What makes the compound one of the most unique in the world, is that its walls may be keeping its inhabitants in, rather than keeping any intruders out. Inside are thousands of members of the Mujahideen al-Khalq (MEK), an Iranian organization that was deemed a terror group by much of the world, only to be quietly re-marketed as a peaceful, democratic organization.
Now, it is considered a vital strategic partner by U.S. President Donald Trump and his foreign policy team who hope that the MEK will one day storm Tehran, overthrow the Ayatollah’s regime and take the reigns of power.
“There is a viable opposition to the rule of the Ayatollahs,” Trump’s National Security Advisor John Bolton proudly announced to a conference hall full of MEK members bussed in to the annual gathering from their compound. “And that opposition is centered in this room today.”
But who are the MEK? No one seems to know.
That question is nearly impossible to answer, not least because the MEK has shifted its own identity so many times that former members cannot recognize the group as a coherent body anymore. Tightly controlled by its leader, Maryam Rajavi, many who have studied the group call it a cult. Iranians call them hypocrites for becoming a pro-Saddam militia that killed thousands of Iranians in the 1980s. Trump’s White House call them the last viable hope of a Free Iran.

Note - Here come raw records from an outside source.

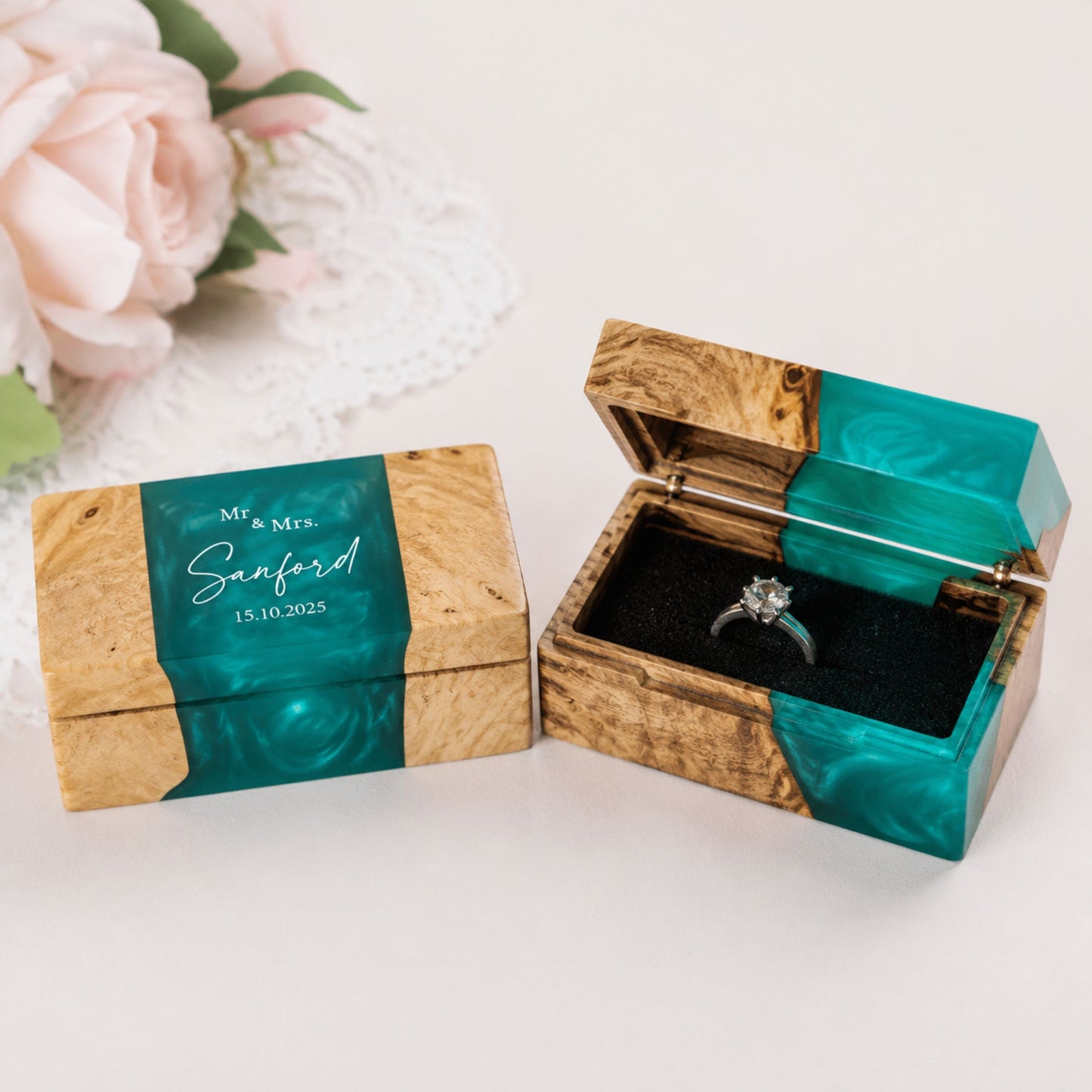Pair of custom engraved wood and turquoise resin ring boxes set on a wedding styled table alongside pink roses.
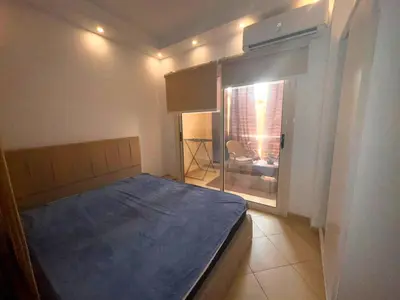 a small bedroom with a bed and a window at Cozy Studio in Hurghada in Hurghada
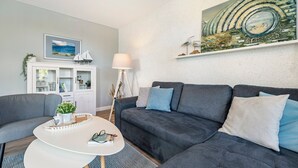 Een moderne woonkamer met een grijze bank, een witte salontafel en een schilderij van een landschap.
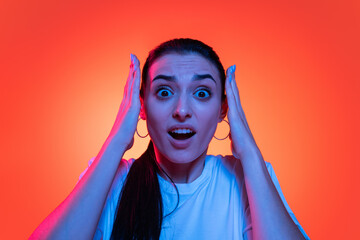 Young emotional stressed girl, student in white t-shirt looking at camera wide open eyes isolated on orange color background in neon light.
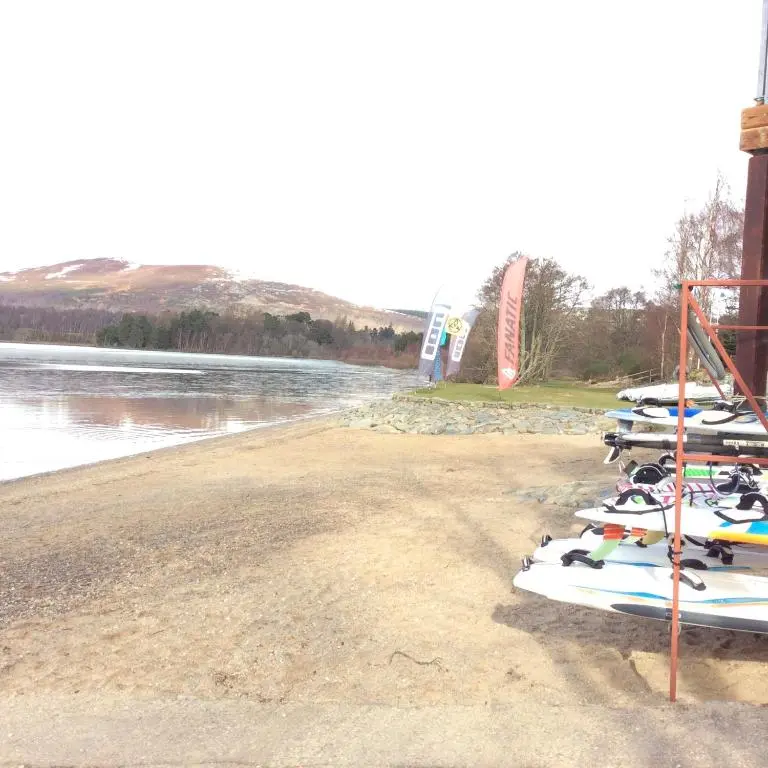a row of surfboards are lined up on a beach at Holiday House Kinveachy in Aviemore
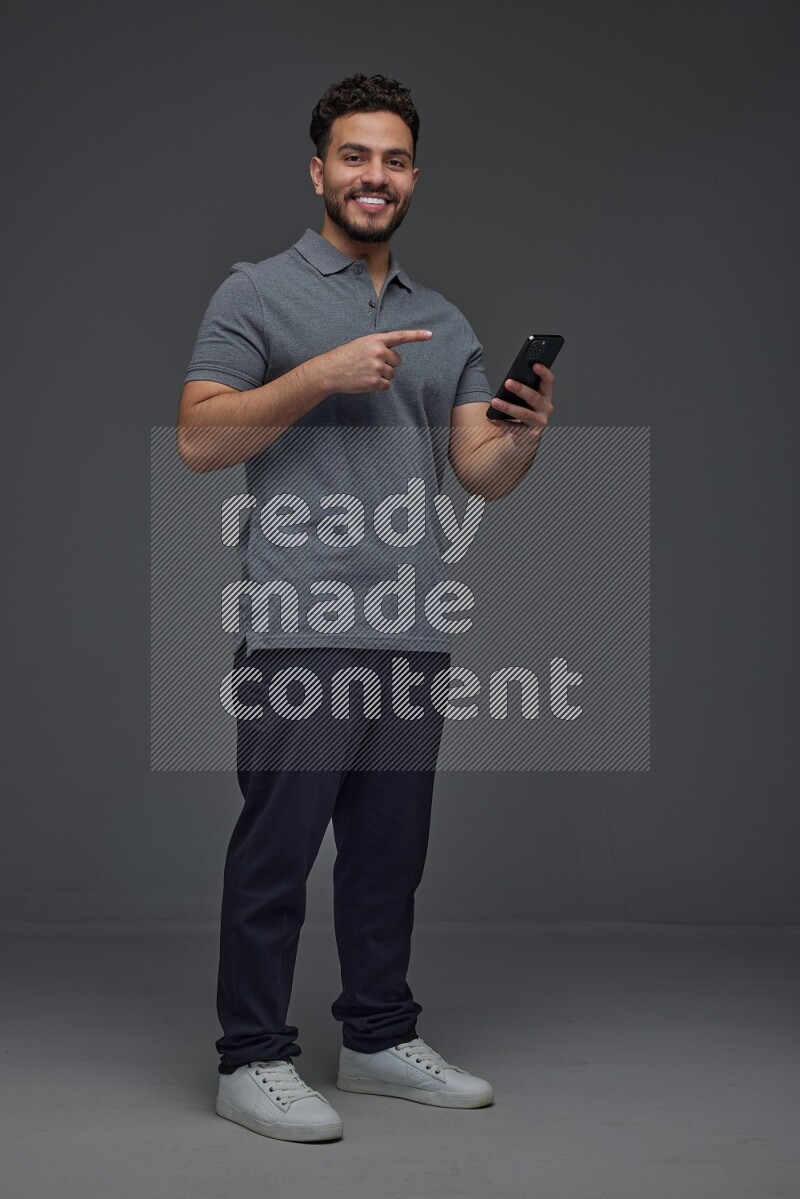 A man wearing casual standing and using his phone and making multi hand gestures eye level on a gray background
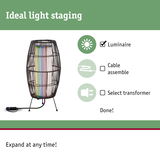 Modern floor lamp with black metal frame and colorful light, perfect for home lighting design.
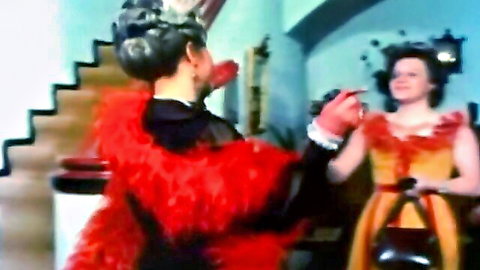 Vintage German teens in feathery red and orange dresses sharing intimate moment in threesome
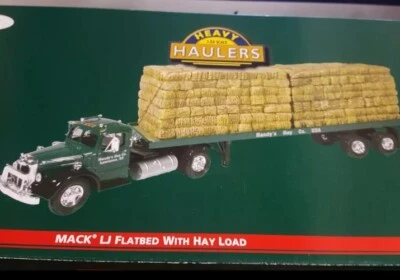 Corgi  Mack U Flatbed w/hay load 1/50 scale diecast - Image 1 of 3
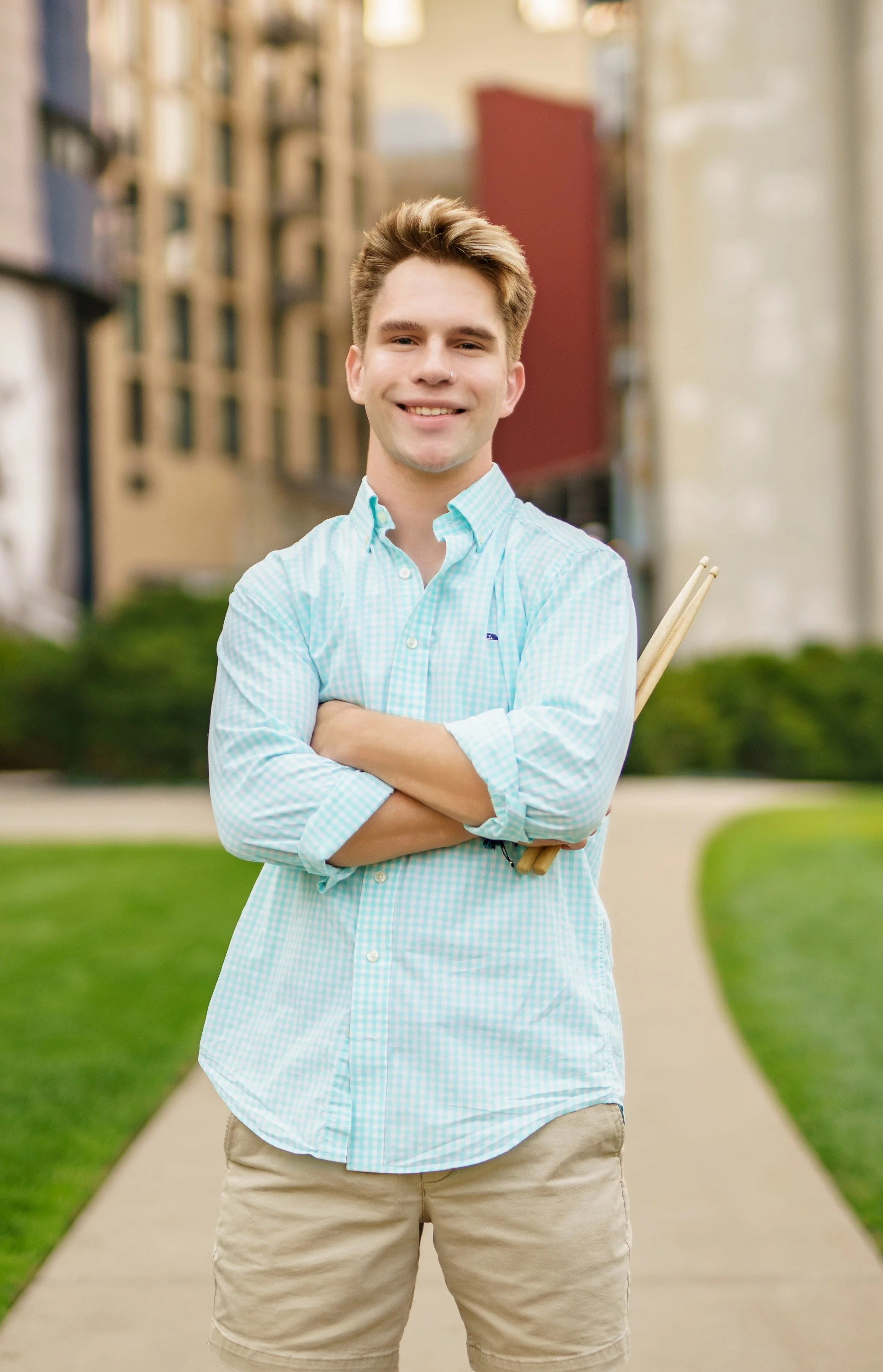 A young man with light skin, wearing a light blue checkered button-up shirt with beige shorts, smiling with arms crossed, standing outdoors on a pathway in a park or campus environment with grass and trees, holding a pair of drumsticks behind his bac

To understand the MEK, Al Bawaba spoke with Massoud Khodabandeh, who was one of the groups most senior leaders for decades, before he escaped and renounced what it had become.
From Students to Guerrilla Fighters
Formed in 1965 by a group of students from Tehran University, the MEK was organized against the rule of the Shah, whose government was installed by the U.K. and U.S. to ensure Iranian oil flowed to the West. Its left-leaning members initially mixed a Marxist understanding of history with Islam, but were targeted by the Shah’s secret intelligence, the SAVAK.
Many of its members were jailed and executed, and the group underwent a series of internal rifts. Eventually, Massoud Rajavi rose to lead the group, and the MEK allied itself with the revolutionary cleric, Ayatollah Khomeini, who was quickly positioning himself as the top contender for the Shah’s job as ruler of Iran.
In June 1981, the MEK killed 70 high-ranking members of the Ayatollah’s Islamic Republican Party. The bombing also reportedly injured Ayatollah Ali Khamenei, who is now the current ruler of Iran, permanently affecting his right arm.
Then two months later, they bombed the offices of Mohammad-Javad Bahonar, who was Prime Minister, and Mohammad-Ali Rajai, who was the president at the time, killing both.
Khomeini then set his sights on expelling the MEK from Iran; most of the members fled to Iraq while its leadership went to Paris.
In Iraq, Saddam Hussein immediately found a use for the MEK, and took them under his wing. He allowed them to build a new base for themselves called Camp Ashraf just north of Baghdad in 1986, and began funding the group. Saddam was fighting a brutal war with Iran at the time, and deployed the MEK as a militia against Iran’s army and its Revolutionary Guards.
Under the command of Saddam and Massoud Rajavi, the MEK killed thousands of Iranians and then was used to violently suppress Iraqi Kurds, something Khodabandeh thought utterly contrary to the original ideals of the group, which he thought to be emancipatory.
“I had joined MEK with idealistic aims and revolutionary ideas,” Khodabandeh told Al Bawaba in an interview. “I was a teenager then.”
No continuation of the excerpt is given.